* **ACTION ITEM**: Filter the records down to the lines that hold the word "Bedroom", and copy each of those lines.
* * * * *
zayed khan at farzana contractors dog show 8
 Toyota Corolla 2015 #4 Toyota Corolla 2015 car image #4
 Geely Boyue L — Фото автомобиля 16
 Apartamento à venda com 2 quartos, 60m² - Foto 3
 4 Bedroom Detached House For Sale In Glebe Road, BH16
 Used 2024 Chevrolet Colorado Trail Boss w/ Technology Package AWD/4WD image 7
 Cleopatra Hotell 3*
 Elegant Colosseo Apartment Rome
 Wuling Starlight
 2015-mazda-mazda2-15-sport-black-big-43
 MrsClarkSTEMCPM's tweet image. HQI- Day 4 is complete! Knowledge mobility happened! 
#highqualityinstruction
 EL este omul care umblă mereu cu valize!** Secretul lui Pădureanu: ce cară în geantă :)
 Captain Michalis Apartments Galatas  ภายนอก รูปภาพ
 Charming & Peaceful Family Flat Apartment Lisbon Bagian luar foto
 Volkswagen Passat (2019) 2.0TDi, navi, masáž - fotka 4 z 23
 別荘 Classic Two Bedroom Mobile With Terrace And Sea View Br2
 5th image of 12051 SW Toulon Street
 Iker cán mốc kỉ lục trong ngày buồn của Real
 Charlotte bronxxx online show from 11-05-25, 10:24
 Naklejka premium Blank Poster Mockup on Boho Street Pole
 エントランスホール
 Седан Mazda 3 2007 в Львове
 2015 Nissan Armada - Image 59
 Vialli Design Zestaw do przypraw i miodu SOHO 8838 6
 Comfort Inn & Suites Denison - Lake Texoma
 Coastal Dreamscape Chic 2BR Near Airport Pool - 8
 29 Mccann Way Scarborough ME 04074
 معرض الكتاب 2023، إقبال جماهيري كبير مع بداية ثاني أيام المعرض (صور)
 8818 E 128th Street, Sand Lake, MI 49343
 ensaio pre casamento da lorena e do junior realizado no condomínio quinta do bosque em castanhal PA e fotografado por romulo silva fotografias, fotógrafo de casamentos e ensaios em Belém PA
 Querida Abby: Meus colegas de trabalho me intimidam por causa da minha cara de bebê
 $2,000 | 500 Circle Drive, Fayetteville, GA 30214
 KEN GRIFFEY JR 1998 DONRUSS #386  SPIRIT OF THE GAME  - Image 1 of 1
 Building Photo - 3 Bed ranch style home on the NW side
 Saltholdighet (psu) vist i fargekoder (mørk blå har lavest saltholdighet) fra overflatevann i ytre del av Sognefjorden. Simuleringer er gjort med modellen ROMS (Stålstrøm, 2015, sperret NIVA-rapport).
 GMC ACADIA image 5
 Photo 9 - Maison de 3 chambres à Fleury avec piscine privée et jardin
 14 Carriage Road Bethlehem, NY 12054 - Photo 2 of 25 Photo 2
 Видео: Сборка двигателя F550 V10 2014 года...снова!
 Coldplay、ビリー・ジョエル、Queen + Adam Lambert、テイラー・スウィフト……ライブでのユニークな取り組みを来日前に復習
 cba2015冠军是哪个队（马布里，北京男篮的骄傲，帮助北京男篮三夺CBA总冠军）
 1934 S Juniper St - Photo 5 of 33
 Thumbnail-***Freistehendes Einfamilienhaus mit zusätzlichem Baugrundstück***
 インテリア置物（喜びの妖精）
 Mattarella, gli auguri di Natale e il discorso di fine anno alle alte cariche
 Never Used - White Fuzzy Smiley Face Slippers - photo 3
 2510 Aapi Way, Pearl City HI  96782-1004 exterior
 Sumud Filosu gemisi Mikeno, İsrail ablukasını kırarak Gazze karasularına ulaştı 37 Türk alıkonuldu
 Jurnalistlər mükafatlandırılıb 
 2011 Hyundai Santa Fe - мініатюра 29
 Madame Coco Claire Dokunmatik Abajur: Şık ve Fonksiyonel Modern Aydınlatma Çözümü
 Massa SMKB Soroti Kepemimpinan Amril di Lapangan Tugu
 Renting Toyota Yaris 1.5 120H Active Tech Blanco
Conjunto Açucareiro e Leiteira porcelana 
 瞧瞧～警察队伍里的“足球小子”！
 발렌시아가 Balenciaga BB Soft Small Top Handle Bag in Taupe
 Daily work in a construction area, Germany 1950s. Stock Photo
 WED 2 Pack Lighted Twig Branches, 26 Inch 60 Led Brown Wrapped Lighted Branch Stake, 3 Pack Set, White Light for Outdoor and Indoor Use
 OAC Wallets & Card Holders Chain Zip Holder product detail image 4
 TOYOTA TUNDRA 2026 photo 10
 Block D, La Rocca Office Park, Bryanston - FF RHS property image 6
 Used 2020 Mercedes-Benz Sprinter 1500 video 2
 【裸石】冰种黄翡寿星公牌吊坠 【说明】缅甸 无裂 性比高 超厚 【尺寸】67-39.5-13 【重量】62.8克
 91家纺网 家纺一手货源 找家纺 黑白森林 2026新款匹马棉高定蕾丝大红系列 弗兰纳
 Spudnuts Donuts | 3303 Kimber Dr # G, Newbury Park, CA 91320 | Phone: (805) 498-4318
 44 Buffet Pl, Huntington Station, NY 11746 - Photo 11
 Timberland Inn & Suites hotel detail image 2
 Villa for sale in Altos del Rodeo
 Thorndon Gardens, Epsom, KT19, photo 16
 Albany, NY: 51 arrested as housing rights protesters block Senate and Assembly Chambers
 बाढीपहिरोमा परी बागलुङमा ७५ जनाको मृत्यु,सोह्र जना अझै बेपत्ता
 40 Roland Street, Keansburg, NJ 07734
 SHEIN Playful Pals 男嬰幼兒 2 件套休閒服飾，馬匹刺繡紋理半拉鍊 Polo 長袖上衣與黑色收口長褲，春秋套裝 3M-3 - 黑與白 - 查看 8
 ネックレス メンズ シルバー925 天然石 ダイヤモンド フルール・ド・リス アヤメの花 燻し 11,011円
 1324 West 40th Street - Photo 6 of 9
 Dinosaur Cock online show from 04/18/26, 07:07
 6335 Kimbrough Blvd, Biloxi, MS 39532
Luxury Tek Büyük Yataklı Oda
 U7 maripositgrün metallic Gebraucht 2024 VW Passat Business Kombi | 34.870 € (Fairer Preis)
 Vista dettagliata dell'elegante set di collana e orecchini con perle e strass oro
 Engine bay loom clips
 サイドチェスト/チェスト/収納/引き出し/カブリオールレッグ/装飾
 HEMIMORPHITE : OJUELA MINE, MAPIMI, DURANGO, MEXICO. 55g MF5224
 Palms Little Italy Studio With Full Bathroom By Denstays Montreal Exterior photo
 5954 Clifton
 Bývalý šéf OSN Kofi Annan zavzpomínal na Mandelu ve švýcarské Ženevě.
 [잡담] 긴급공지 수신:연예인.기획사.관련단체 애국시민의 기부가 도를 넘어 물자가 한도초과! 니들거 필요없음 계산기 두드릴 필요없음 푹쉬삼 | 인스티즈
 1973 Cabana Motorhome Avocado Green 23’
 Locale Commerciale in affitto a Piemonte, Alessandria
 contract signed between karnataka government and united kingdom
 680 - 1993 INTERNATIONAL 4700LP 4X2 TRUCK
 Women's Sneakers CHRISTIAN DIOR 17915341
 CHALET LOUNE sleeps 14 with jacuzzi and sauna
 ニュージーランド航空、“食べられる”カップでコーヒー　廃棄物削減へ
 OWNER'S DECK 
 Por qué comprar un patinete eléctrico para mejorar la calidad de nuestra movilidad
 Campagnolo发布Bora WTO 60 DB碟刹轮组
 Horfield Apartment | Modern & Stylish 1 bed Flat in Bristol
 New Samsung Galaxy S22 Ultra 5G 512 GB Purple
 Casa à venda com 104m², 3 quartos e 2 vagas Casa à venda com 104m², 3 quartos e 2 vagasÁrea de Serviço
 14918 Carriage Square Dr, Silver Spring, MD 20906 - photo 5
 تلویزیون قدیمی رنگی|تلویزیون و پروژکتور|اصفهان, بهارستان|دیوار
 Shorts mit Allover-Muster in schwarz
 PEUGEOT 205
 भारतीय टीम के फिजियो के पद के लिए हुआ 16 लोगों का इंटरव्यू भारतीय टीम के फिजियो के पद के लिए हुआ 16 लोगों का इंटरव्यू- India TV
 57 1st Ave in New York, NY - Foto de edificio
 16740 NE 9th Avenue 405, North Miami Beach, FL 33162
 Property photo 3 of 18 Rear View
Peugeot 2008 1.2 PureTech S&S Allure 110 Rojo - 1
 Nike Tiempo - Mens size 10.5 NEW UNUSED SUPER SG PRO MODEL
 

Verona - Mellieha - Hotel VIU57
* * * * *
* **FINAL ANSWER**:
 4 Bedroom Detached House For Sale In Glebe Road, BH16
 別荘 Classic Two Bedroom Mobile With Terrace And Sea View Br2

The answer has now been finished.